Commit 88670ef
feat(speculative): add vLLM data synthesis pipeline and Nemotron dataset preparation scripts (#1176)
### What does this PR do?
Type of change: New feature, new example, bug fix
Adds a vLLM-based synthetic data generation pipeline for speculative
decoding draft model training, along with dataset preparation scripts
for NVIDIA's Nemotron Post-Training dataset collections.
**Data synthesis pipeline** (`tools/launcher/common/vllm/query.sh` +
`common/query.py`):
- Launch a vLLM server and run multi-turn inference to synthesize
training data from input conversation skeletons
- Fork-safe OpenAI client: reinitializes HTTP connection pool after
`datasets.map()` forks worker processes, preventing 400 errors from
corrupted connections
- Clear Docker `ENTRYPOINT` so vLLM containers (which default to `vllm
serve`) work correctly under NeMo Run's executor
- `--max-tokens` argument to bound generation length
- Local file loading support (`--data /path/to/file.jsonl`)
- Re-raise connection errors so `datasets.map()` halts the shard instead
of silently producing empty rows
- Map `developer` role to `system` (OpenAI format compatibility)
**Multi-turn reasoning trace handling** (`common/query.py`):
- Strip `<think>...</think>` blocks from intermediate assistant turns
before re-feeding to the model; preserve the full trace only on the
final turn
**Nemotron dataset preparation** (`examples/dataset/`):
- `make_nemotron_ptv2_dataset.py` — prepares
[nvidia/Nemotron-Post-Training-Dataset-v2](https://huggingface.co/datasets/nvidia/Nemotron-Post-Training-Dataset-v2)

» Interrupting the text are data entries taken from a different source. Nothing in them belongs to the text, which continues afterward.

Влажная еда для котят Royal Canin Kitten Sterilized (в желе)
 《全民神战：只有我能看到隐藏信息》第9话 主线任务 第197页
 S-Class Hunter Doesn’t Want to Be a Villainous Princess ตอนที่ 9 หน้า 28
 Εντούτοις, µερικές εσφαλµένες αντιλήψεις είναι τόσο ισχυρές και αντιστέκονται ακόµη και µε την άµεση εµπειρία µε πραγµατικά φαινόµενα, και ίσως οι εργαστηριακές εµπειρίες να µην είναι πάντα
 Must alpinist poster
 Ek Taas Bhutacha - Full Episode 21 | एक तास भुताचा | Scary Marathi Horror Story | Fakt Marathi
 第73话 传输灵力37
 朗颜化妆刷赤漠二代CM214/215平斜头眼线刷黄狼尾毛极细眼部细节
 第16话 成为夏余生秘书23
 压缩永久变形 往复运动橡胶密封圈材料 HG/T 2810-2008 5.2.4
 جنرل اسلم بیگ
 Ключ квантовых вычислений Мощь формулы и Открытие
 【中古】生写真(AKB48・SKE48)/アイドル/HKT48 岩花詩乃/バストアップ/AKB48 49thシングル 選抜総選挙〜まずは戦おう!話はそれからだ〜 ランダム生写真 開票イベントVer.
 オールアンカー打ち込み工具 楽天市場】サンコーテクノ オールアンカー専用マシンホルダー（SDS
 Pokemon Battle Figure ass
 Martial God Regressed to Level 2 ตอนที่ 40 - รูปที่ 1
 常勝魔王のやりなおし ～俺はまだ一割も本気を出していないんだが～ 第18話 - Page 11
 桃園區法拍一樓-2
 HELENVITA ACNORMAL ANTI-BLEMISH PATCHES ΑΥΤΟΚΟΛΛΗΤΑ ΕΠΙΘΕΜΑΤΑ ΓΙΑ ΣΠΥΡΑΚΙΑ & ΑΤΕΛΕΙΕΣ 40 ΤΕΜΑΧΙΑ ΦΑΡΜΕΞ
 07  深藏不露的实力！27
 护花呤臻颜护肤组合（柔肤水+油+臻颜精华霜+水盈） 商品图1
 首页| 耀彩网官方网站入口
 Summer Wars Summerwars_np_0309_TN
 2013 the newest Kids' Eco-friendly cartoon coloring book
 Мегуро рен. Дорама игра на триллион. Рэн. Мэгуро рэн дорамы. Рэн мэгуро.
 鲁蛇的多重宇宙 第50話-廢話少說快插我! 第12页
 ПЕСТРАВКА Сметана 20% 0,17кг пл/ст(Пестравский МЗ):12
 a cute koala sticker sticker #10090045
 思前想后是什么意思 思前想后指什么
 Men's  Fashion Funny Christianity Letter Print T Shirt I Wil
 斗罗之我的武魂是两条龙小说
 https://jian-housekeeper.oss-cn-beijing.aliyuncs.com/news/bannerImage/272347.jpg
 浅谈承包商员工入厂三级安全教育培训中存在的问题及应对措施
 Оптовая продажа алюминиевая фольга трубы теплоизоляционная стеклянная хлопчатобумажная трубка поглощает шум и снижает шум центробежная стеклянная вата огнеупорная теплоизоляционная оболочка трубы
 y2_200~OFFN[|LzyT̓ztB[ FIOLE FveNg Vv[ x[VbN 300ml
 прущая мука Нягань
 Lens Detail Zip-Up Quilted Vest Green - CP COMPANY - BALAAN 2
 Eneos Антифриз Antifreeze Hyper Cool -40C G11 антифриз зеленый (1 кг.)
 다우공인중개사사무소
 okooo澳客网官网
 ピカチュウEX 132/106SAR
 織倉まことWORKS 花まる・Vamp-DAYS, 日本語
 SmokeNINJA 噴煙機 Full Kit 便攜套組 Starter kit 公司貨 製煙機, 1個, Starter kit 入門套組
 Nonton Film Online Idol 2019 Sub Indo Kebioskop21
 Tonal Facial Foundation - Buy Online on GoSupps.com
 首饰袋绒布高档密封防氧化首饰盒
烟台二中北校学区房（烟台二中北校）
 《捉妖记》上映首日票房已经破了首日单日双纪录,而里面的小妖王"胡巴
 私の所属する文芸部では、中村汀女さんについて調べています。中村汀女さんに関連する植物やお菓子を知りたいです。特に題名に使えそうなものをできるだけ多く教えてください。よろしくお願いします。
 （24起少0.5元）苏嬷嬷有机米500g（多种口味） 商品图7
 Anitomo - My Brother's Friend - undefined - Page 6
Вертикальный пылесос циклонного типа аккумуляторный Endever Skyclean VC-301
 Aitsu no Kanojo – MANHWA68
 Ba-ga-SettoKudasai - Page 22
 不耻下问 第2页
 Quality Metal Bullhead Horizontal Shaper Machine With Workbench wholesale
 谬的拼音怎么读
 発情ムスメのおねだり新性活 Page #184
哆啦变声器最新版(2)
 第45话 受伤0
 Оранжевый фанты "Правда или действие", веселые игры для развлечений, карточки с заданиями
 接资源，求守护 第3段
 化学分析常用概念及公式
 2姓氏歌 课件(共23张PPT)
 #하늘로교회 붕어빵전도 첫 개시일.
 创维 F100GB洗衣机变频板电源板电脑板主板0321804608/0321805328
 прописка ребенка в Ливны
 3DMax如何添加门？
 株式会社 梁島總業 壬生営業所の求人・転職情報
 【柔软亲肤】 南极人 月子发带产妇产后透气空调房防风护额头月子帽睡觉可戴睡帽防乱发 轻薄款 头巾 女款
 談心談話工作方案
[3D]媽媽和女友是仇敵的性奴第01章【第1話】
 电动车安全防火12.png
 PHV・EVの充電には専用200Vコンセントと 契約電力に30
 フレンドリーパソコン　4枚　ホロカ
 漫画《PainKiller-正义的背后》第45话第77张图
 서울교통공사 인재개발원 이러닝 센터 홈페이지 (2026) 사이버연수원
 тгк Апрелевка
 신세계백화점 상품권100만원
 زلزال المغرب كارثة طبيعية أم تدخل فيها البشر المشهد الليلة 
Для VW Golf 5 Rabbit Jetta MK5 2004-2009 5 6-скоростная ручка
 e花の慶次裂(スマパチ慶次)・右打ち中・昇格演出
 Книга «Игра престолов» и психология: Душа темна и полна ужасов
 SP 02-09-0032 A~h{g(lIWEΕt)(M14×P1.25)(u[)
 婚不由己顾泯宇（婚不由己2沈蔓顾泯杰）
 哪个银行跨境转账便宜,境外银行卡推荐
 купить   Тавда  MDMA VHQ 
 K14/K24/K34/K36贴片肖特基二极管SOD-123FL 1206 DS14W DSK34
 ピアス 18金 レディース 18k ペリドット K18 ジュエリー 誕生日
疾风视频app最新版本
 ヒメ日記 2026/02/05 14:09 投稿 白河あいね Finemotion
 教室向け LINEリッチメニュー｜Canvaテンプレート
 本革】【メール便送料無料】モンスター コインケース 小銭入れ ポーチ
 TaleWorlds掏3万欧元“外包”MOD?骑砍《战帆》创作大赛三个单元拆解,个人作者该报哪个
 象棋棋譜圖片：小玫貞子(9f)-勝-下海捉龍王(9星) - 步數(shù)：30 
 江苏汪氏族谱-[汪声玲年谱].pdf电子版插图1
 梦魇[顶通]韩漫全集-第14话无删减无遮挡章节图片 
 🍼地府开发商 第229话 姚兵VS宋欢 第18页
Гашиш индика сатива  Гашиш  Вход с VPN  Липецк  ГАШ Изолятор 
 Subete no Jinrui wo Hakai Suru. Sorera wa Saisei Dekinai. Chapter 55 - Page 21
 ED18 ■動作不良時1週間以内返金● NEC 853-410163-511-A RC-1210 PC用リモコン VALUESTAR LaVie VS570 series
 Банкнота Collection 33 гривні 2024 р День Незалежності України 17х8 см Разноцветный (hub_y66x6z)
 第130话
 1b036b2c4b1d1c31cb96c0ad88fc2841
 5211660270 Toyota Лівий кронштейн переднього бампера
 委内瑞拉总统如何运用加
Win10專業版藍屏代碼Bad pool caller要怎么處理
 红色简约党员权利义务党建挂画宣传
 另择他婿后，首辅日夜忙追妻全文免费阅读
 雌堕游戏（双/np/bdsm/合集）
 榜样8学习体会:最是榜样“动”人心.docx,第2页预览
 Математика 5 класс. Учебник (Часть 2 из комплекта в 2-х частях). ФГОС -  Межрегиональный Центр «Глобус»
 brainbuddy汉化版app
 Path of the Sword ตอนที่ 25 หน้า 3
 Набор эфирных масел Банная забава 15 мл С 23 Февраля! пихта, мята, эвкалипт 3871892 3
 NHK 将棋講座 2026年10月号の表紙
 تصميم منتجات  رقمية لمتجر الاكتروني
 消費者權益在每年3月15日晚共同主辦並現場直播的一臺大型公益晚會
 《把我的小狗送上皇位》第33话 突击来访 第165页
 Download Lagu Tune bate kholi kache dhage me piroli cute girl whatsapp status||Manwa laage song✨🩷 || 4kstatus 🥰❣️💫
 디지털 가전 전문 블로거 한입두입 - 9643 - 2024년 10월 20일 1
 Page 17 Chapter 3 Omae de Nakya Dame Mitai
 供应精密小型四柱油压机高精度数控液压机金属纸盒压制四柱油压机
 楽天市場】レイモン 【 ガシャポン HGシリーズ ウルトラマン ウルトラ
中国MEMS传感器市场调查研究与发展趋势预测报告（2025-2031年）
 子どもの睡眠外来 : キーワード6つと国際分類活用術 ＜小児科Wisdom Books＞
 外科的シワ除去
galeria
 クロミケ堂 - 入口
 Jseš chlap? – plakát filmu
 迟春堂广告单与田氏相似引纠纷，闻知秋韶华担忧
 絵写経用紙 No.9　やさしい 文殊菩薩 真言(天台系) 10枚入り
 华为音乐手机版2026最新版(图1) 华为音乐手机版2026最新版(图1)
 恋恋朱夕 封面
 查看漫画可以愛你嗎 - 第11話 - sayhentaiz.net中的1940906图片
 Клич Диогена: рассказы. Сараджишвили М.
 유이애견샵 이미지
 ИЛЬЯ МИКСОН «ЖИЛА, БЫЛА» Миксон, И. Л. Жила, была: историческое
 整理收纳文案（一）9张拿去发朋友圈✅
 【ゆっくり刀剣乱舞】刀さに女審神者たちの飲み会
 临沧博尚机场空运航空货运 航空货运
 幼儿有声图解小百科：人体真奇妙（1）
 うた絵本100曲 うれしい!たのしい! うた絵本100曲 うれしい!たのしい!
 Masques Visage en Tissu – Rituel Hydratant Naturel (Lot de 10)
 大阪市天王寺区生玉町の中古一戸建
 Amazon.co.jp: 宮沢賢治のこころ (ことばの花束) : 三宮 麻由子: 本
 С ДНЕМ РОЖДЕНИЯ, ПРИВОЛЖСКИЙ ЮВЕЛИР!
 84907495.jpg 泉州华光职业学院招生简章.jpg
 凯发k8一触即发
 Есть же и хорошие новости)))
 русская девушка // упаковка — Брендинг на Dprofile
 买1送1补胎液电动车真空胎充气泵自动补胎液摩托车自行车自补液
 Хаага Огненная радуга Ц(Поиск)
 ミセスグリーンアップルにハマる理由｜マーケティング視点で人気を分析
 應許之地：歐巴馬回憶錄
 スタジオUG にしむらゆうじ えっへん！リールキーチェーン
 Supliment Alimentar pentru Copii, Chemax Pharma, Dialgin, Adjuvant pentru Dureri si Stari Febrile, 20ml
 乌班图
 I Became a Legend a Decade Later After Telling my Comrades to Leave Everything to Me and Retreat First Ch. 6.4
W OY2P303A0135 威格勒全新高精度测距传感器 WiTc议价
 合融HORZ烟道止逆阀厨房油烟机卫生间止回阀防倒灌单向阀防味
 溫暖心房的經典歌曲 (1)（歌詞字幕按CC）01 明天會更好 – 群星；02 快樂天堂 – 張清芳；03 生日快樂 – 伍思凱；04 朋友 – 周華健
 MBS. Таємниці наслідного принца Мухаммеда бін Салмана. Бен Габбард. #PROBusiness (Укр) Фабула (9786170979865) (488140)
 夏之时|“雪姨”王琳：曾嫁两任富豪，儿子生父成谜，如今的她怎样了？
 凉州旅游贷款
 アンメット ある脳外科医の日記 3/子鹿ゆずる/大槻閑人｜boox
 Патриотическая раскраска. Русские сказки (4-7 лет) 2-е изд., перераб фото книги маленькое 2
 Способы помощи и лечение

(~3.3M rows generate, ~1.9M rows train)
- `make_nemotron_ptv3_dataset.py` — prepares the [Nemotron PTv3
collection](https://huggingface.co/collections/nvidia/nemotron-post-training-v3)
of 16 datasets (~3.4M rows generate, ~3.9M rows train)
- Both support `generate` mode (strips assistant turns for synthesis
input) and `train` mode (normalizes to clean OpenAI format for SFT)
- `conversation_utils.py` — shared utilities: `strip_assistant_turns`,
`normalize_messages`, `make_augment_fn`, `AugmentationSpec`
- `augmentations.yaml` — 12 language-redirect variants + style/format
hints, cycled across dataset rows
- Scripts live in `examples/dataset/` (not under
`speculative_decoding/`) to signal reusability beyond speculative
decoding
**Bug fixes**:
- `strip_assistant_turns()`: return `{"messages": []}` when no user
turns remain (system-only rows were previously passed through instead of
being filtered)
- `concatenate_datasets()`: guard against empty parts list
- SSH tunnel user precedence: explicit `user` arg now correctly
overrides `slurm_config.user`
### Usage
```bash
# Prepare PTv3 input conversations for synthesis (~3.4M rows):
python examples/dataset/make_nemotron_ptv3_dataset.py --output-dir /tmp/ptv3_gen
# Launch vLLM server + synthesize responses:
bash tools/launcher/common/vllm/query.sh \
--model /path/to/model \
--tensor-parallel-size 4 \
-- \
--data /tmp/ptv3_gen/default.jsonl \
--save /tmp/ptv3_responses \
--num-shards 10 --num-proc 4 --max-tokens 4096
# Prepare PTv2 for direct SFT training (~1.9M rows):
python examples/dataset/make_nemotron_ptv2_dataset.py --mode train --output-dir /tmp/ptv2_train
```
### Testing
Tested end-to-end on an NVIDIA GB10 node (119 GiB GPU memory) with
`vllm/vllm-openai:qwen3_5-cu130` container and `Qwen/Qwen3.5-4B`:
- vLLM server starts correctly with cleared Docker entrypoint
- `datasets.map(num_proc=4)` runs without connection errors (fork-safe
client)
- Multi-turn synthesis produces correct assistant responses with
thinking traces handled
### Before your PR is "*Ready for review*"
Make sure you read and follow [Contributor
guidelines](https://github.com/NVIDIA/Model-Optimizer/blob/main/CONTRIBUTING.md)
and your commits are signed (`git commit -s -S`).
Make sure you read and follow the [Security Best
Practices](https://github.com/NVIDIA/Model-Optimizer/blob/main/SECURITY.md#security-coding-practices-for-contributors)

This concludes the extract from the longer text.